6 months – 18 months. Task: Gaining confidence in doing. Affirmations: It’s ok to do things. You don’t have to do things for me (like be smart, be cute….). I like to watch you initiate and grow and learn. I love you when you are active and when you are quiet. You can use all of your senses when you explore. You can do things as many times as you need to.
18 months – 3 years. Task: Gain confidence in thinking. Affirmations: I am glad you are growing up. I am not afraid of your anger. You can think about what you feel. You don’t have to take care of me by thinking for me.
You can be sure about what you need and want and think. You can think and feel at the same time. You can know what you need and ask for help. You can become separate from me and I will continue to love you.
3 – 6 years. Task: Find own identity and power. Affirmations: You can be powerful and still have needs. You don’t have to act scary, sick, …. to get taken care of.
You can express your feelings straight. You can find out the results of your behavior. You can be powerful and ask for help at the same time.
6 – 12 years. Task: Find own structure to do things. Affirmation: You can learn to do things your way. You can think before you make any rule your own. You can trust your feelings to help you know.
You can do it your way. It’s ok to disagree. You don’t have to suffer to get what you need. You can find a way of doing things that works for you. You can learn the rules that help you live with others.
12 – 19 years. Task: To find sexual identity. Affirmations: It’s ok to be a sexual person (and I will not act out my sexual feelings towards you as the parent). You can be a sexual person and still have needs. It’s ok to know who you are. You are welcome home again. You can develop your own interests, relationships and causes. I look forward to knowing you as an adult.
As you read through this list, notice the affirmations that you would like to hear or the ones that move you.
Write those down and keep repeating them to yourself. Maybe you didn’t get enough of that particular permission as a child.
It is particularly powerful if you give yourself affirmations at the end of a relaxation exercise. Similarly, there might be affirmations you simply can’t believe to be true about yourself (the above example person may not believe that it’s ok for them to think for themselves).
If that is the case think about what that means for your life. How does it hold you back? If you think it’s a big part of what’s not working in your life, do something about it.

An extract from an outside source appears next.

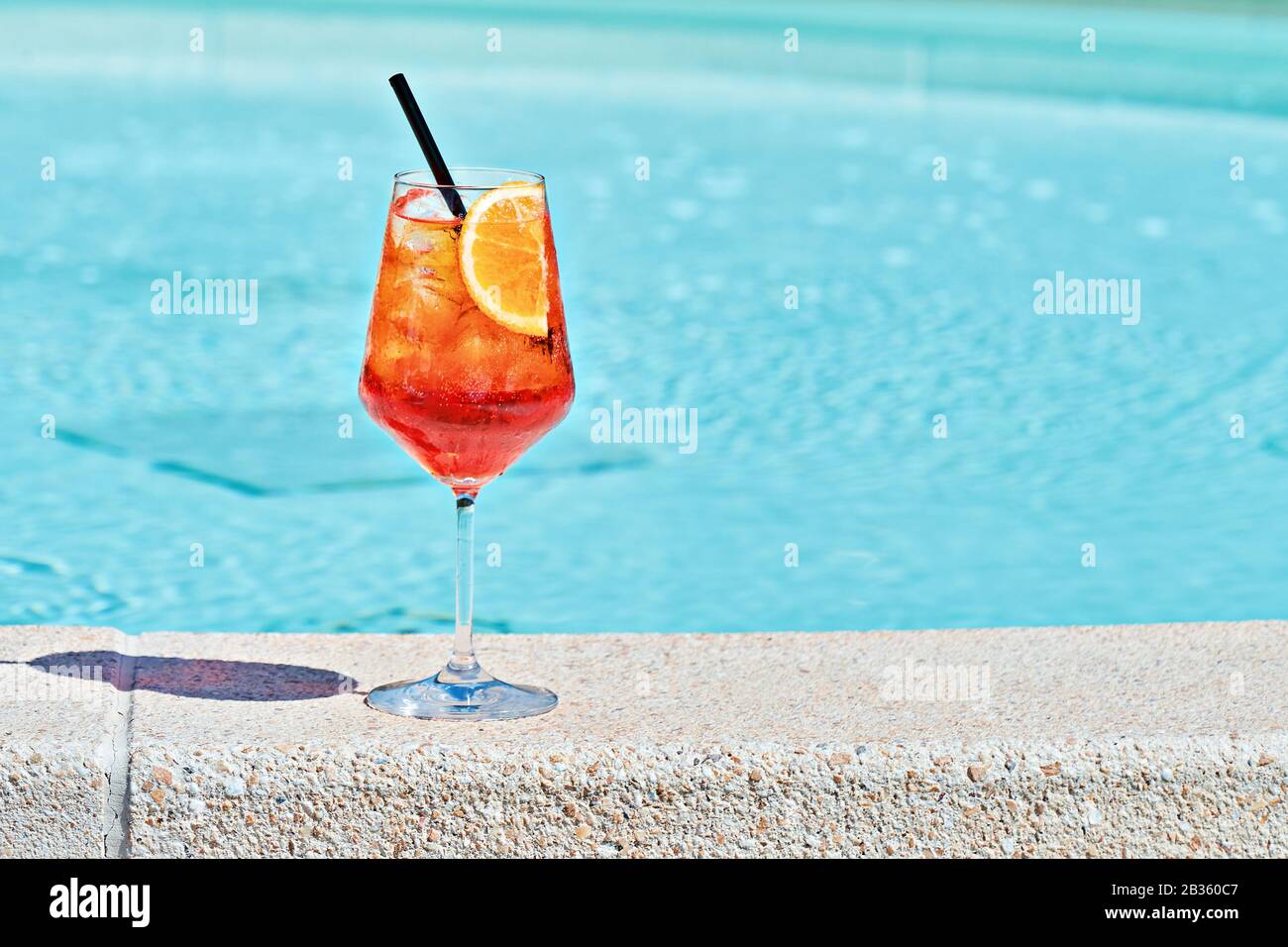 Vino bicchiere di cocktail freddo Aperol spritz contro acque turchesi della piscina. Tradizionale aperitivo estivo italiano concetto cocktail Foto Stock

Talk to your friends, read self-help books or consider psychotherapy.
You could also talk this through with your partner and see what kind of affirmations she or he might want to hear from you.
You could make a deal where you exchange the affirmations you have chosen for yourselves and receive them from the other person on a regular basis.
Experience suggests that those relationships where the partners constantly affirm each other are much more likely to be sexually successful than those where they do not.
In a way, that stands to reason, really, because nothing is more subject to negative feedback than a man or woman’s enjoyment of sex.